Outer factors such as winds, gravity, etc obviously affect the rocket mission (which are not part of the internal design but are outer scientific factors). What is your point? Rocket failures, usually have nothing to do with science theory failing - rather humans are usually the cause of rocket mission failure (and humans are an outer factor, not part of the internal scientifically proven design. If humans failed, then they didn't use enough science). Failures are usually due to some stupid software error such as centimeters being sent in when it expected millimeters (which a strong type systems might help with). Internal errors such as software errors are problems from external sources (a human's fingers). So I'm still not sure what your point is. If we can prove that sending a 200 million dollar rocket to space will fail in our emulator using science - please do. Don't send it to some outer planet and waste 200 million on an outer test case, until it has rigorously been proven on the cheap first (science, math, paper, are all cheap). If we have appropriate measures to test first, we should. Prove it before sending it into the real external world, which could cause a 200 million dollar loss.

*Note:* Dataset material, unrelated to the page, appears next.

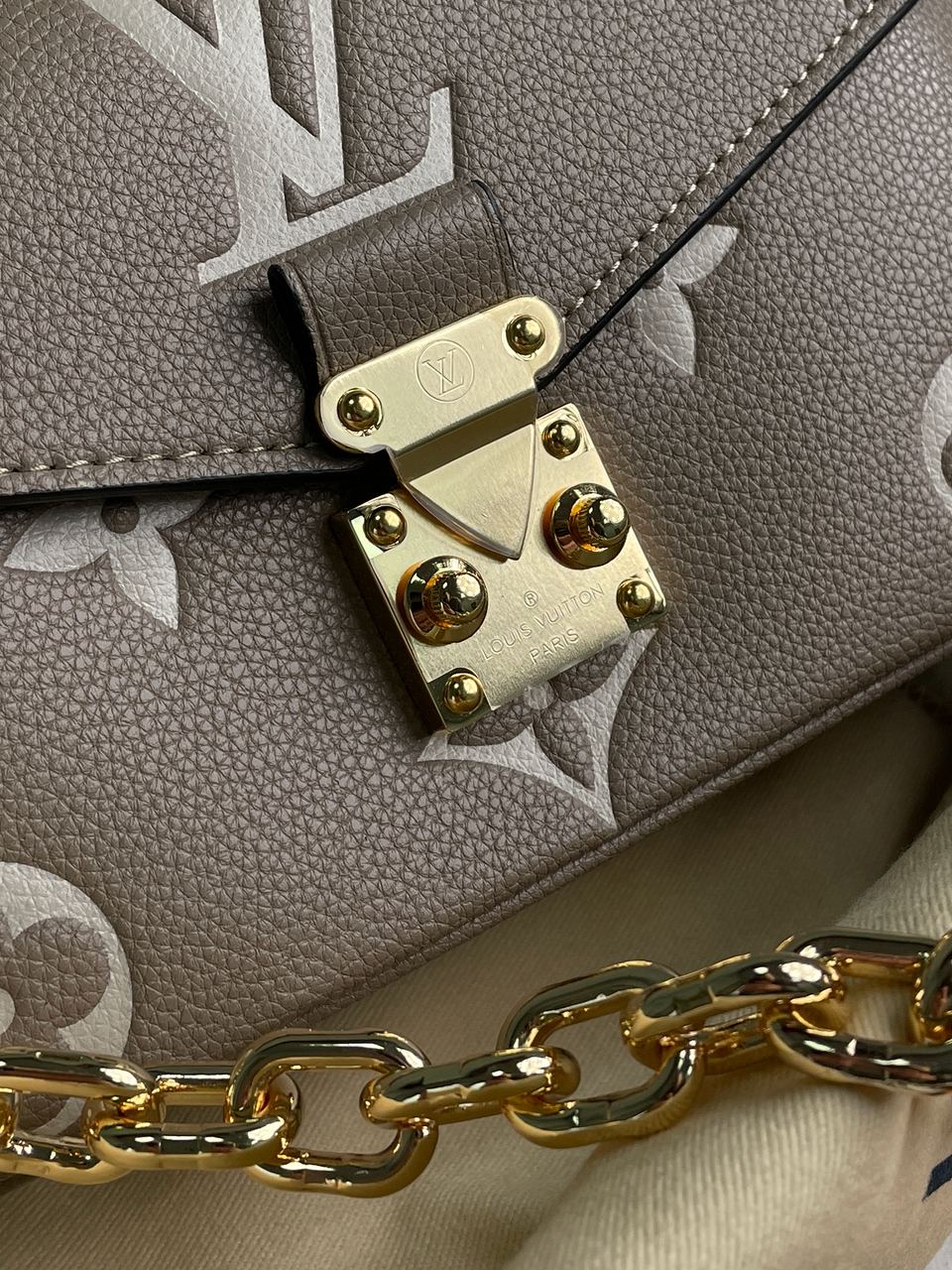 Louis Vuitton Pochette M?tis East West Bag Beige - 6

Pre-flight testing is often done with simulations, which are a cheaper, but imperfect, stand-in for reality. Simulations for software engineering are more difficult because our models of the human mind are far less accurate than our physical models, and vary per mind.

Also, I am skeptical of "[rocket] Failures are usually due to some stupid software error". Many are, but I doubt most. (Related: QA article cited in SpaceShuttle.)

You are skeptical.. well, I have never once heard of a rocket that crashed due to science or math. It is usually always a failure of the human doing something wrong. Please provide references where there are rocket crashes due to science and math failing, or whatever it is you think are the cause of rocket mission failures. It is exactly why Ada and such languages are recommended - since they prevent dumb errors (and more complex errors too) and support strong type checking, contract programming (SPARK), integrity checks, etc.)

It was either Mariner I or Mariner III that crashed due to a Fortran coding error. I do agree that a strong-typed language is better for expensive and life-threatening missions. However, that does not necessarily mean they are good for every domain. PickTheRightToolForTheJob.

But a fortran coding error is a human error. Either the human coded something wrong, or the fortran compiler generated incorrect code since the compiler was created by a human which made a mistake.

Maybe I am not understanding the question.